On the x-axis, the chart displays manufacturer, a variable from mpg dataset. On the y-axis, it displays count, but count is not a variable in mpg! Where does count come from? Many graphs, like scatterplots, plot the raw values of your dataset. Other graphs, like bar charts, calculate new values to plot:
Bar charts, histograms, and frequency polygons bin your data and then plot bin counts, the number of points that fall in each bin.
geom_smooth fit a model to your data and then plot predictions from the model.
Boxplots compute a robust summary of the distribution and display a specially formatted box.
The algorithm used to calculate new values for a graph is called a stat, short for statistical transformation.

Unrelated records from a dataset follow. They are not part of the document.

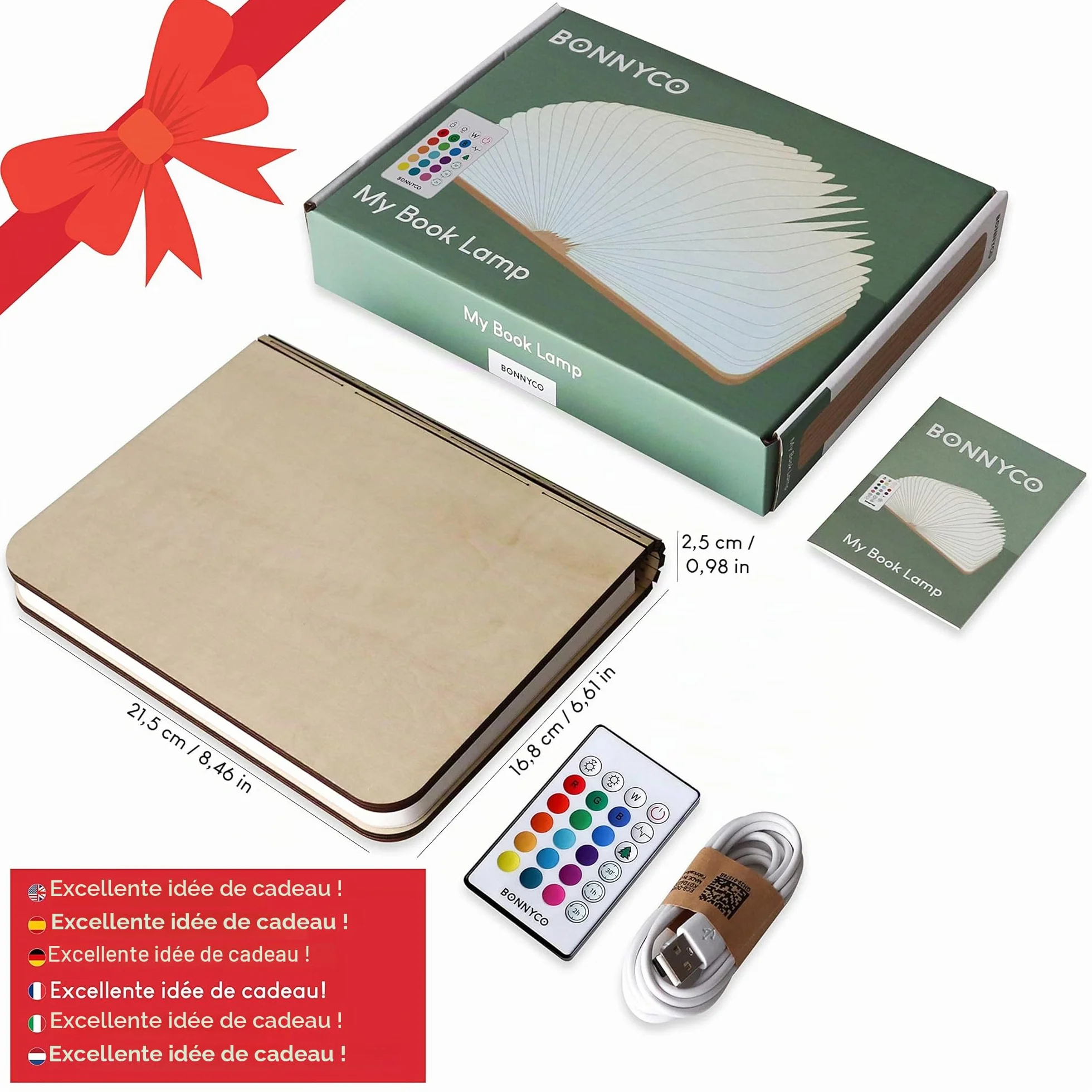BONNYCO Lampe Livre LED Pliante en Bois avec Télécommande 16 Couleurs Minuterie Décoration Chambre Bureau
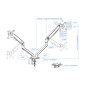 Soporte de mesa tv tooq 17 - 32 pulgadas 2 pantallas blanco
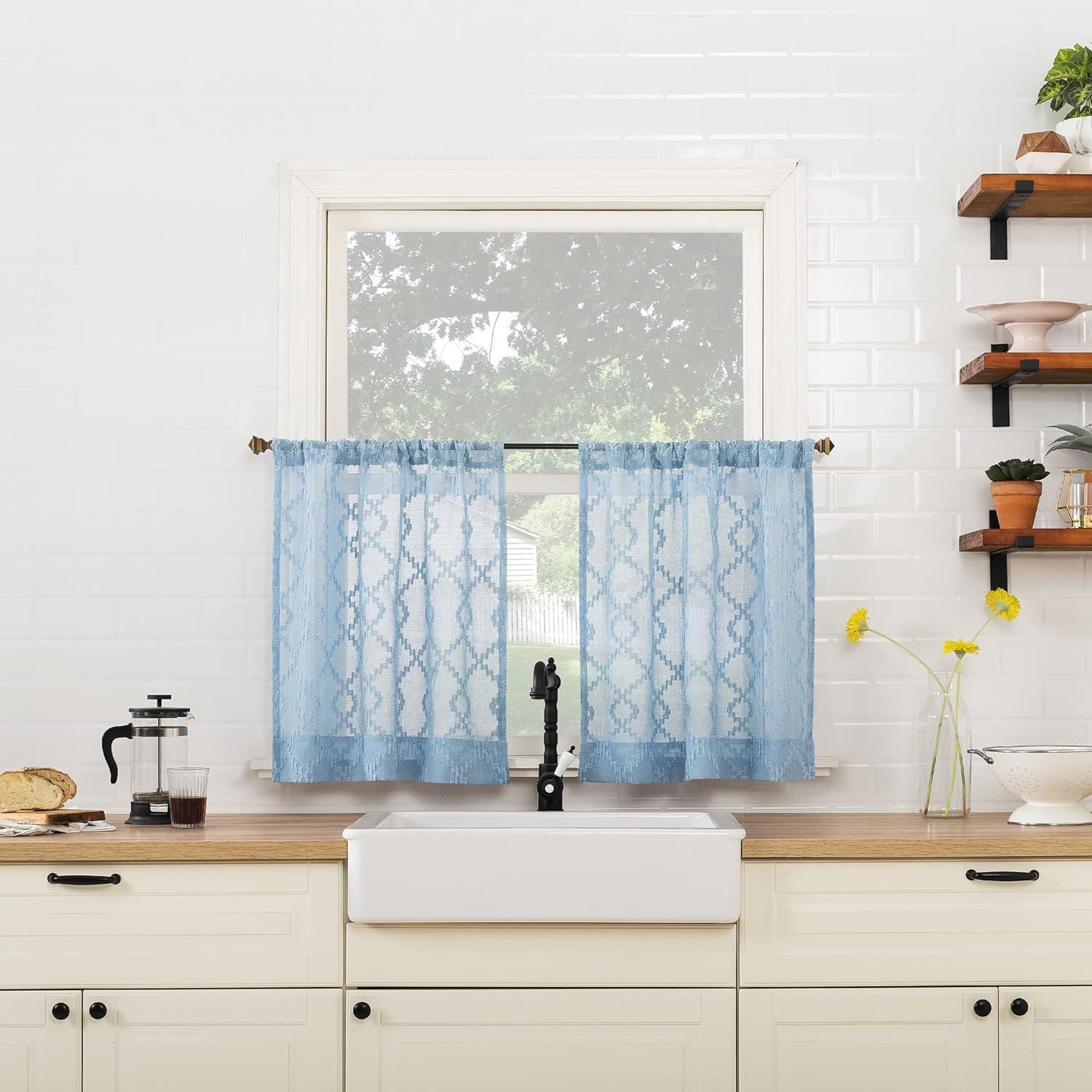 No. 918 Tina – Juego de cenefas y niveles de cortina de cocina semitransparentes con recortes geométricos, 54 x 36 pulgadas, azul tranquilo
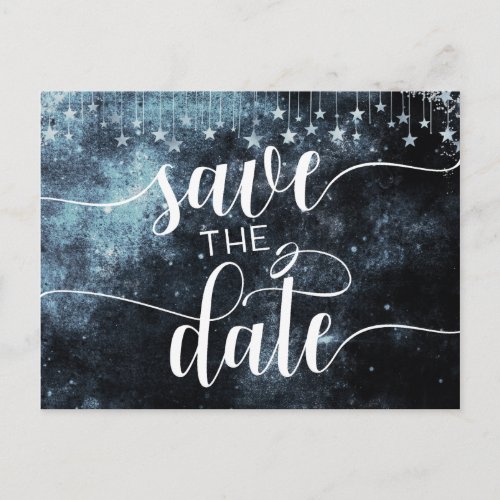 Star Struck Watercolor Sky Wedding Save the Date Announcement Postcard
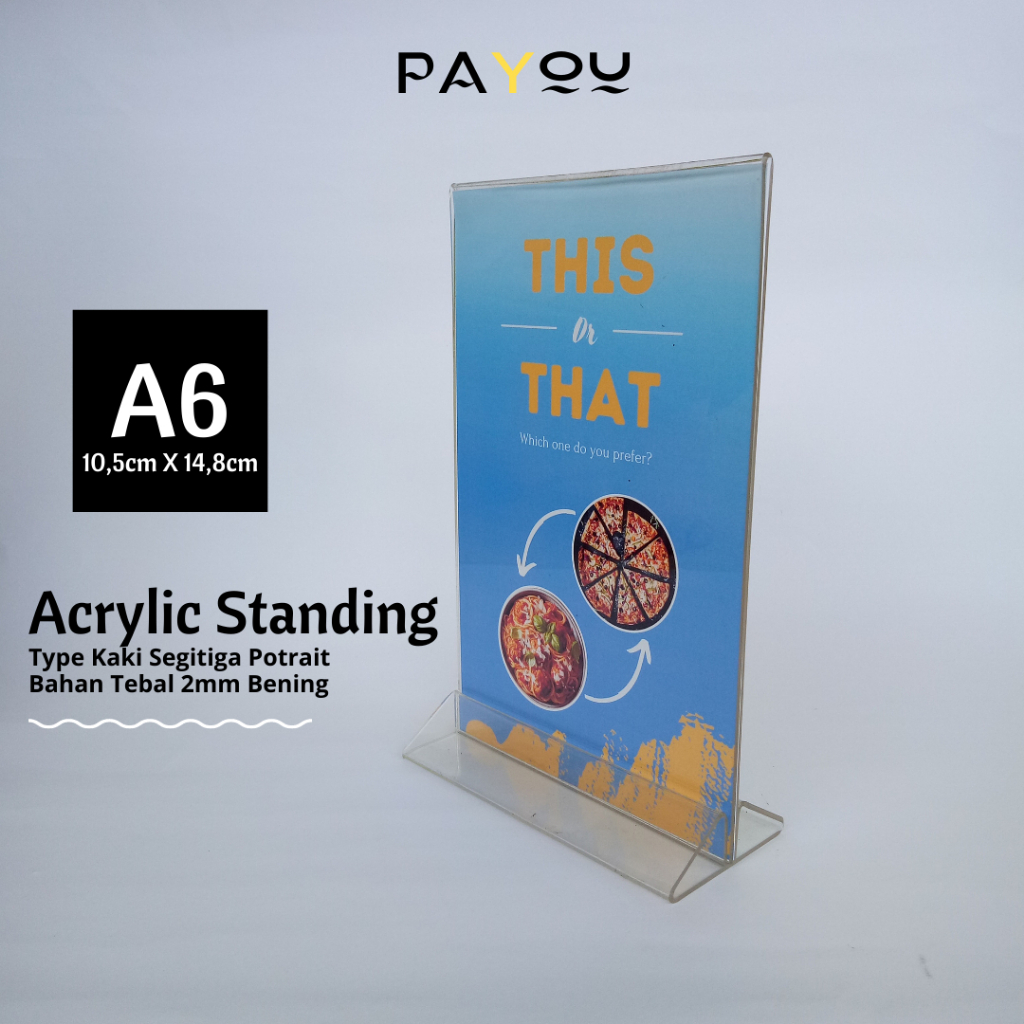 

Acrylic Standing A6 Type Kaki Segitiga Potrait/ Tempat QRIS/ Brosur/ Menu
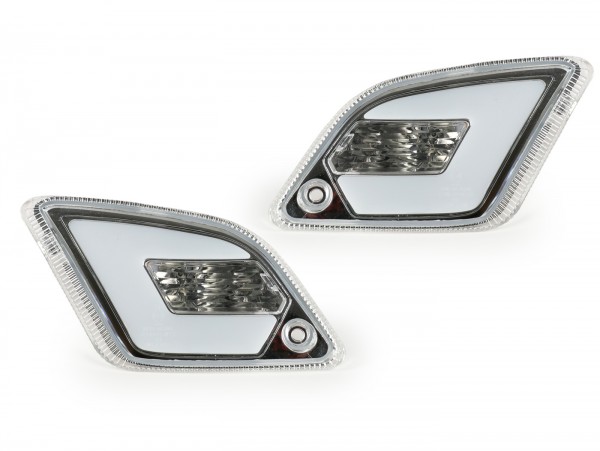 Coppia frecce posteriori -POWER 1 LED (2014-) con luce di posizione (marchio omologazione europeo E)- Vespa GT, GTL, GTV, GTS 125-300 - incolore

Let’s look at one example. The sample data shows the teaching evaluation of the three SCMA courses.
## course evaluation
## 1 SCMA350 3.8
## 2 SCMA450 4.1
## 3 SCMA451 4.1We want to plot the evaluation score of each course on a bar chart.
# this will generate a count for each category and plot count on y-axis.
ggplot(data=myData)+
geom_bar(mapping=aes(x=course))
The y-axis is count; in other words, the code above counts the occurance of each course and plot that on the y-axis. To plot the evaluation data as it is, we need to set the y-axis as evaluation and set stat function as “identity”.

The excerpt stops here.